Exercise brief:
Every record must be given again word for word; no picture belongs in the copy.
━━ Record set ━━
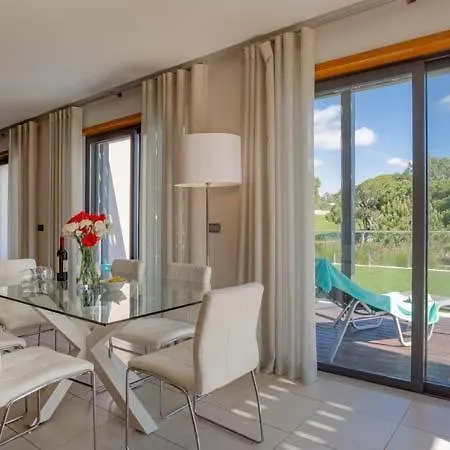 Apartmán Sleeps 6 With Pool Air Con And Wifi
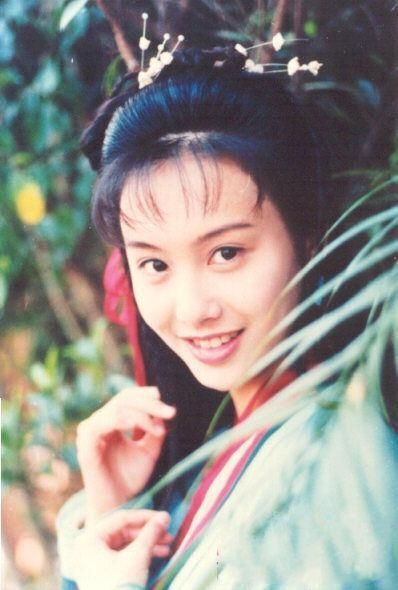 李嘉欣秀好身材否认怀孕 纯天然无ps八十年代大陆美女明星一览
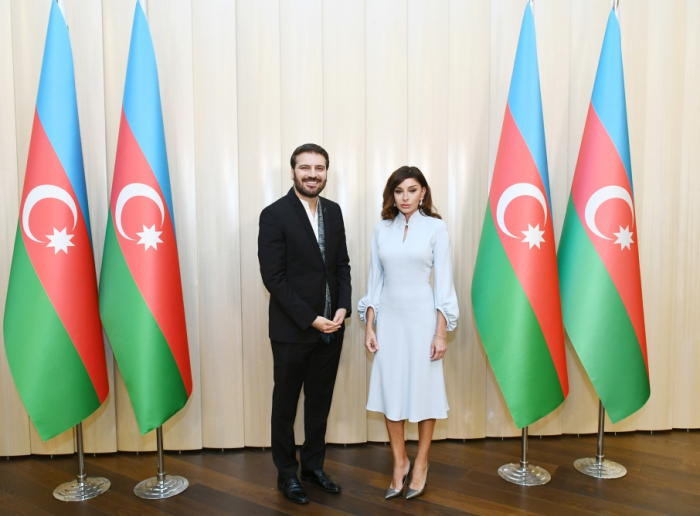  Mehriban Aliyeva entrega al famoso cantante y compositor Sami Yusuf el diploma honorífico del Presidente de Azerbaiyán 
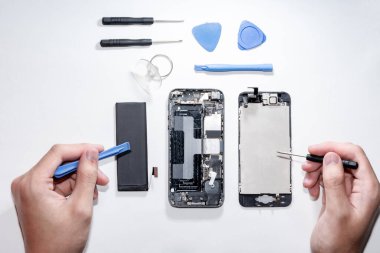 Belgili tanımlık smartphone zarar ve tamirci eller tarafından izole üzerinde beyaz arka plan ayakta hangi araçları akıllı telefon tamir gerek yapıldı..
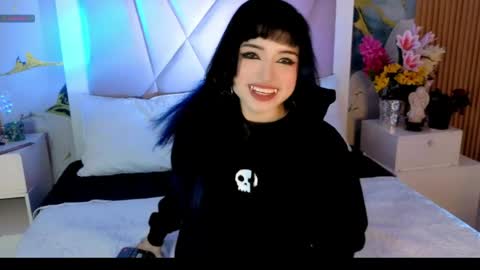 Snapshot of sienna_desiree chatting on 04.18.26 Sienna Desieree online show from 04.18.26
━━━
Exercise result:
 Apartmán Sleeps 6 With Pool Air Con And Wifi
 李嘉欣秀好身材否认怀孕 纯天然无ps八十年代大陆美女明星一览
  Mehriban Aliyeva entrega al famoso cantante y compositor Sami Yusuf el diploma honorífico del Presidente de Azerbaiyán 
 Belgili tanımlık smartphone zarar ve tamirci eller tarafından izole üzerinde beyaz arka plan ayakta hangi araçları akıllı telefon tamir gerek yapıldı..
 Snapshot of sienna_desiree chatting on 04.18.26 Sienna Desieree online show from 04.18.26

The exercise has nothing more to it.